(foto di Ansa)

roma capoccia

Risse, Piper e colpi di pistola. Sembrano tornati gli anni ‘70. Parlano Lugli e Picca

Gianluca Roselli

La capitale e la violenza notturna, una storia d'amore di vecchia data. Come è cambiata la criminalità che incendiava le discoteche romane

Colpi di pistola contro un giovane capoverdiano davanti all’Alibi, a Testaccio. Lo storico Kursaal di Ostia chiuso per una rissa. Per lo stesso motivo, botte da orbi con tanto di video, serrati i battenti per qualche giorno pure al Piper. Che sta succedendo a Roma, dentro e fuori i locali? Sembra di essere tornati indietro agli anni ‘70 e ‘80, quando le piste da ballo erano il palcoscenico calcato dalla malavita. Che addirittura ci investiva. Alcuni locali intorno a Via Veneto erano della banda della Magliana.

 

“La differenza è che prima la criminalità investiva in locali, ma poi lì non volava una mosca, perché erano luoghi dove ci si andava a divertire e basta.

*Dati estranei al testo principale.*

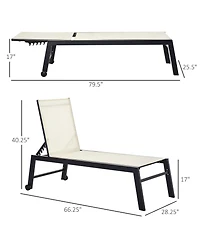 Flynama Outdoor Lounge Chair, Patio Lounger with 5-Position Reclining Backrest and 2 Wheels for Poolside, Beach, Lawn, Cream White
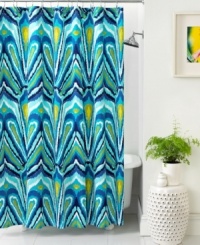Taking inspiration from the regal peacock, this shower curtain from Trina Turk features an abstract peacock feather design in vibrant blue and green tones for a modern look. Pair with matching comforter and duvet cover sets for the bedroom. Taking inspiration from the regal peacock, this shower curtain from Trina Turk features an abstract peacock feather design in vibrant blue and green tones for a modern look. Pair with matching comforter and duvet cover sets for the bedroom.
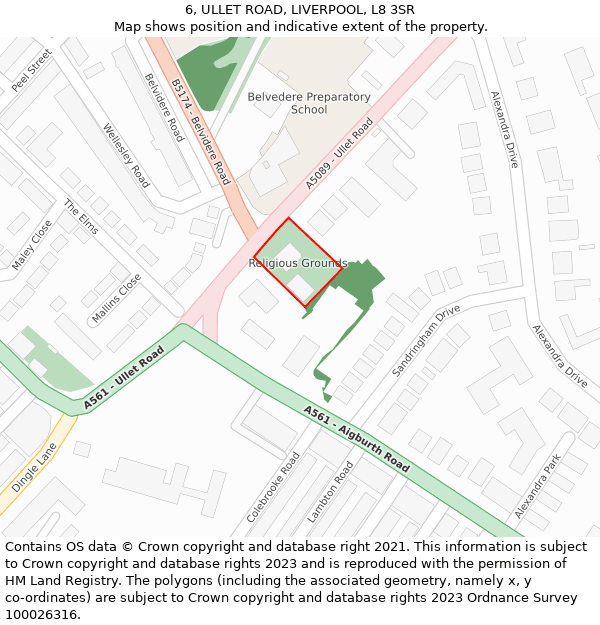 6, ULLET ROAD, LIVERPOOL, L8 3SR: Location map and indicative extent of plot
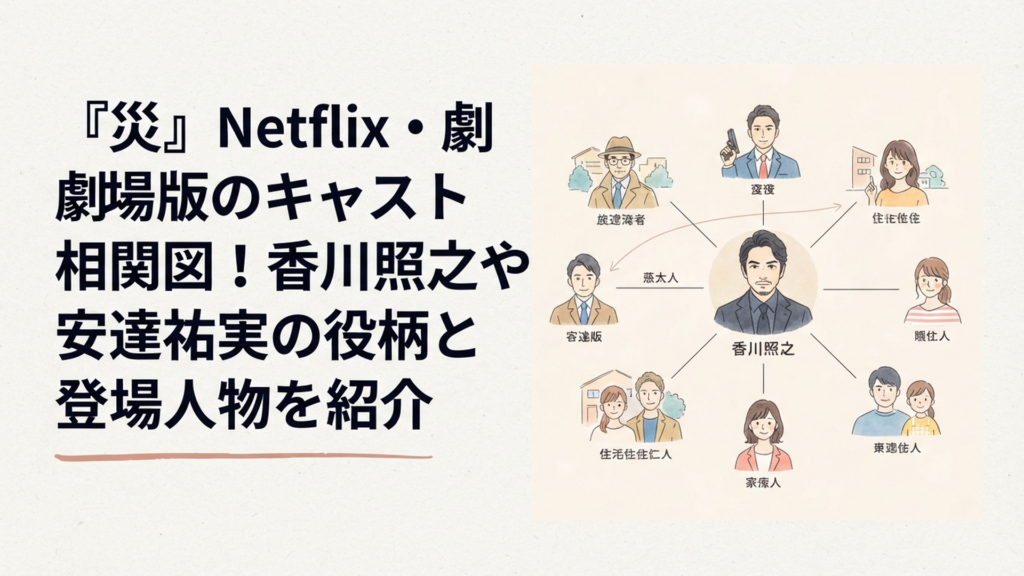 香川照之演じる謎の男を中心に刑事たちと異なる土地で暮らす人々が配置された不穏な人物相関イメージ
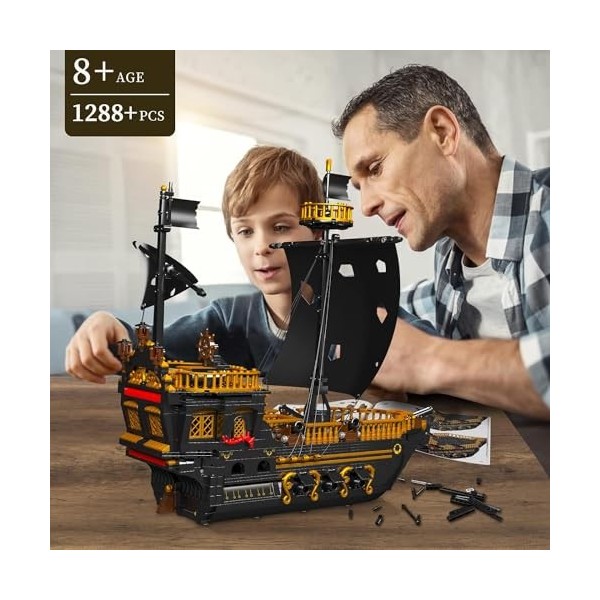 Mold King 13083 Pirate Ship Building Toy Set pour Les Enfants/Adultes de 8 Ans et Plus, 1288 Pirate Ship Building Block Set, 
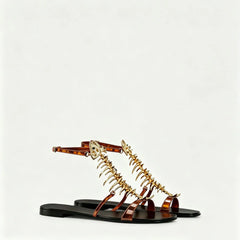 Fishbone Embellished Flat Sandals
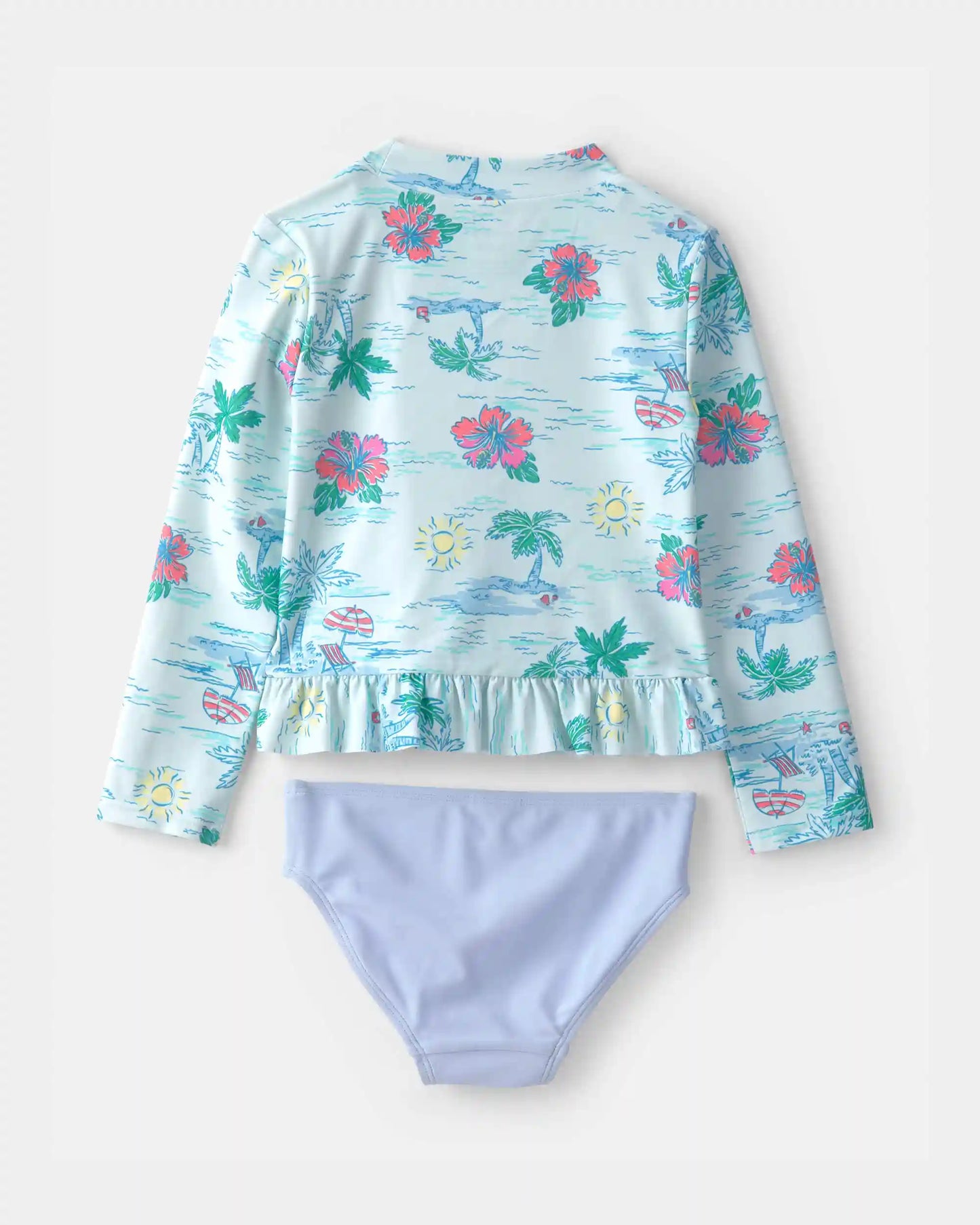 Toddler Girl 2-Piece Tropical Beach Rashguard Swimsuit Set - Blue/Purple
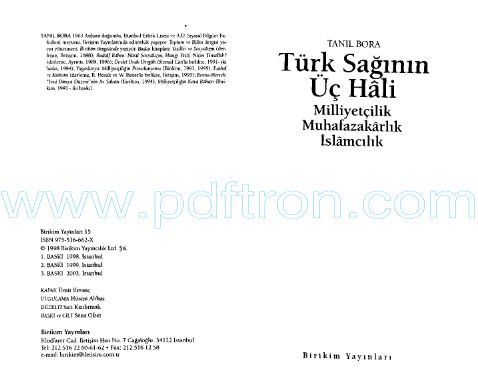 Cover of Tanil Bora - Türk Saginin Uc Hali.pdf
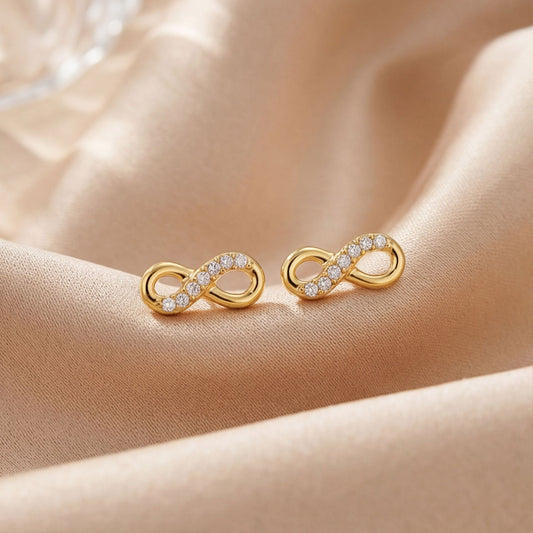 Women's Diamond Mobius Hollow Out Titanium Steel Ear Fresh Stud Earrings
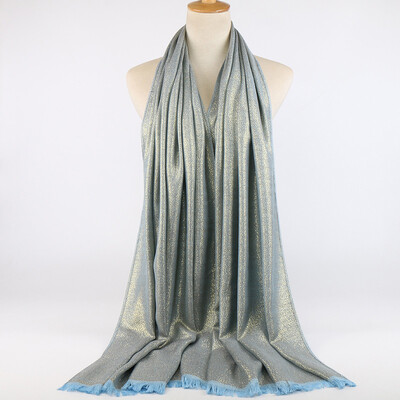 Blizgučiai Lureksas Medvilnė Auksinė Hidžabų Šalikas Moteriški Sidabriniai Kutai Šaliai Musulmonų Šalikai Galvos skara Tvirtas Apvyniojimas Galvos juosta Pashmina Stoles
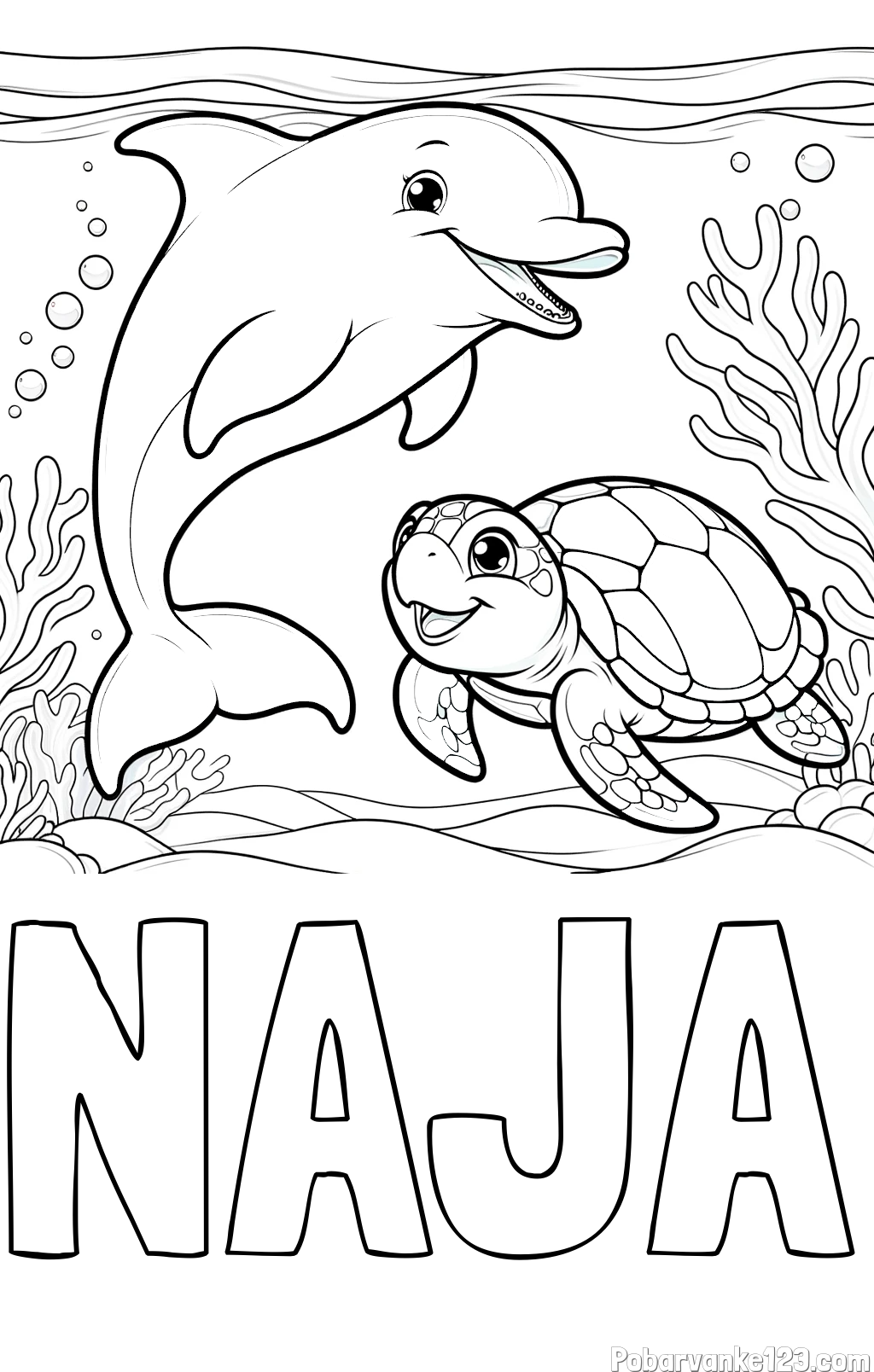 Pobarvanka imena NAJA in pobarvanka ljubkega delfina z želvo v morju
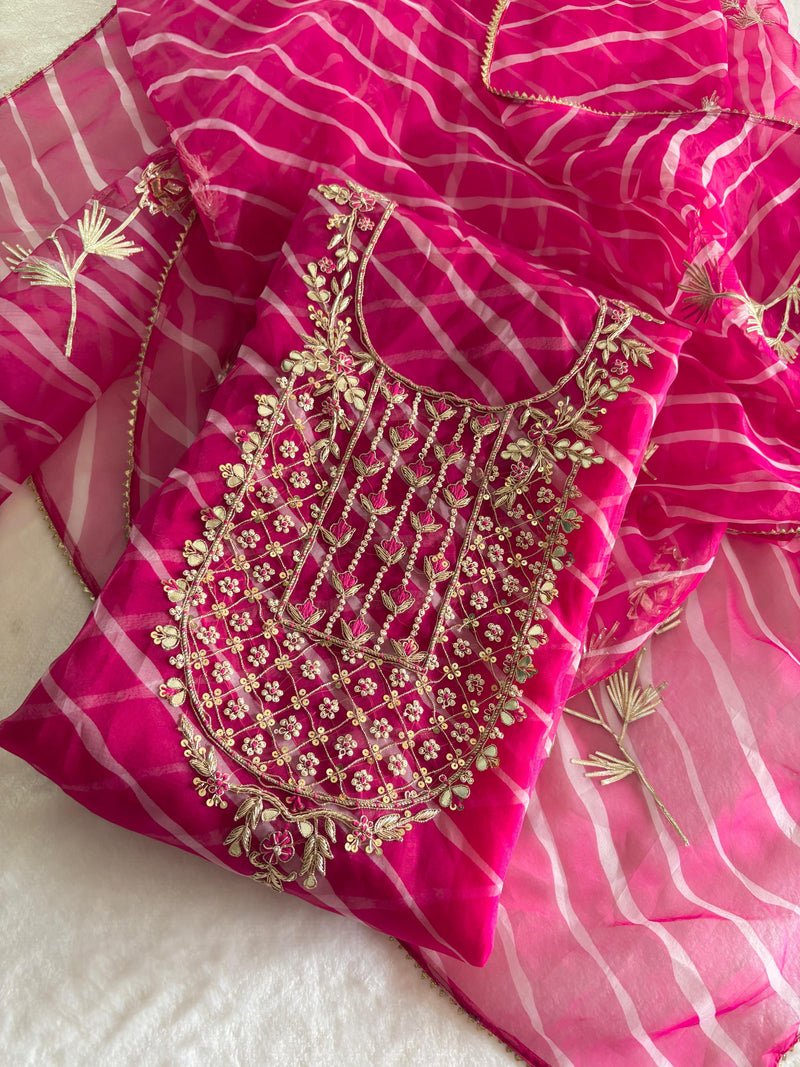 Pure Organza Unstitched Zardogi handwork Work Dupatta Suit  (GBT19)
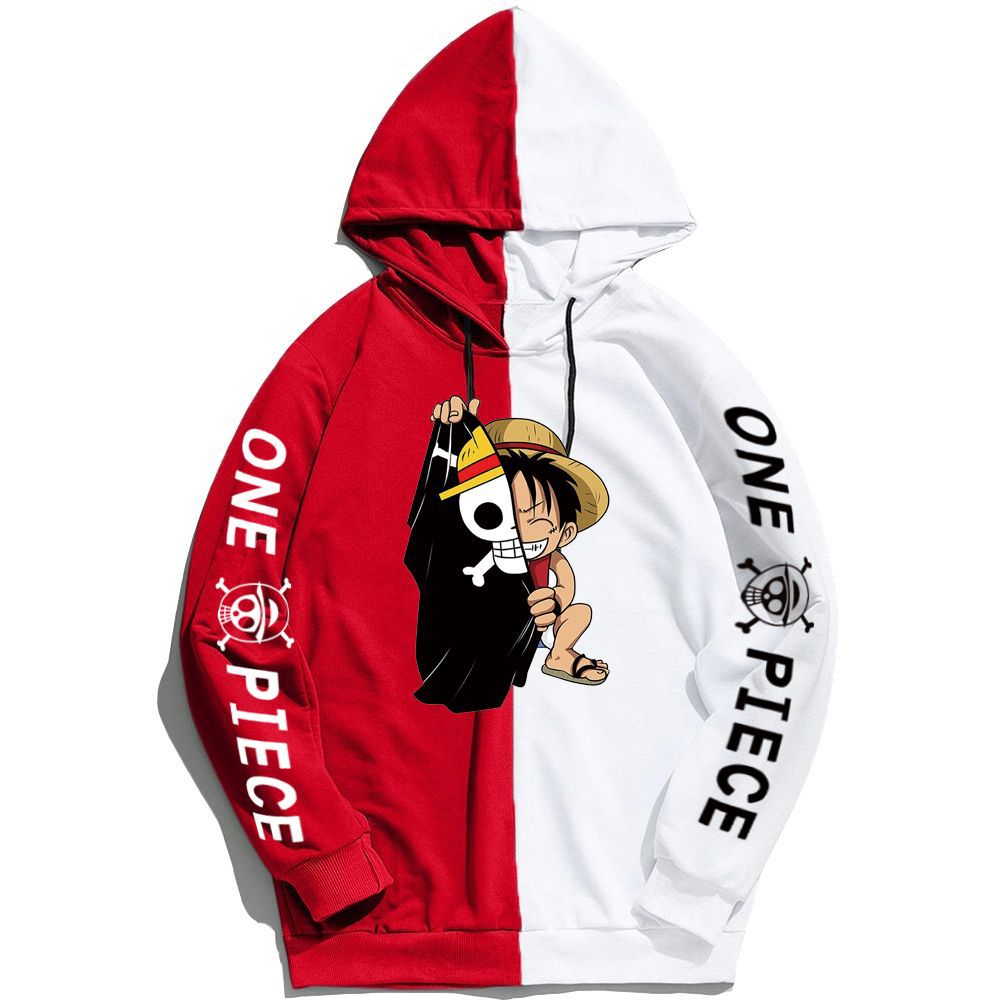 Trendy Pirate King Luffy Printed Color Block Hoodie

Oggi le bande e le famiglie che operano a Roma comprano altro: ristoranti, piccoli bar, negozi”, spiega Massimo Lugli, storico cronista di nera e scrittore (il suo ultimo libro è Il giallo del nano della stazione, Newton Compton). “I romani hanno sempre avuto nel loro dna la propensione a fare a botte, cosa che negli ultimi anni è resa più pericolosa dalle palestre che insegnano MMA - la disciplina praticata anche dai fratelli Bianchi - che è l’antitesi delle arti marziali, che invece insegnano disciplina, rispetto e controllo”. Di risse nei locali è piena la storia della città, da Giorgio Chinaglia, che al Jackie O’ salta addosso a due per un’occhiata di troppo alla fidanzata, a certe serate alcoliche di Paul Gascoigne.

 

Chi ha raccontato certi ambienti è lo scrittore Aurelio Picca, ne Il più grande criminale di Roma è stato amico mio, in cui narra le gesta di Laudovino De Sanctis. “Risse, scazzottate e pistolettate a Roma ci sono sempre state. Prima però, a parte gli assassini veri, era più un fenomeno goliardico, da maschi in competizione, e poi finiva lì. Oggi è diverso”, osserva Picca (da poco è uscito il suo nuovo libro Contro Pinocchio, Einaudi). Che prosegue: “La sensazione è che 20 o 30 anni fa i malavitosi amavano divertirsi, sfoggiare la nuova Ferrari e l’ultima fidanzata ricoperta di gioielli davanti agli amici al Piper o al Jackie O’. I soldi rubati bisognava goderseli subito, bruciarli in fretta, senza pensarci. Oggi pure i criminali sono imprenditori e piccoli broker dediti all’accumulo seriale, lavorano senza sosta come travet, non si divertono più, sono diventati tristi. Prima avevano il senso del piacere e si godevano la vita, forse perché sapevano che poteva essere breve, e questo li rendeva più simpatici. Ora non si sa nemmeno che faccia abbiano”.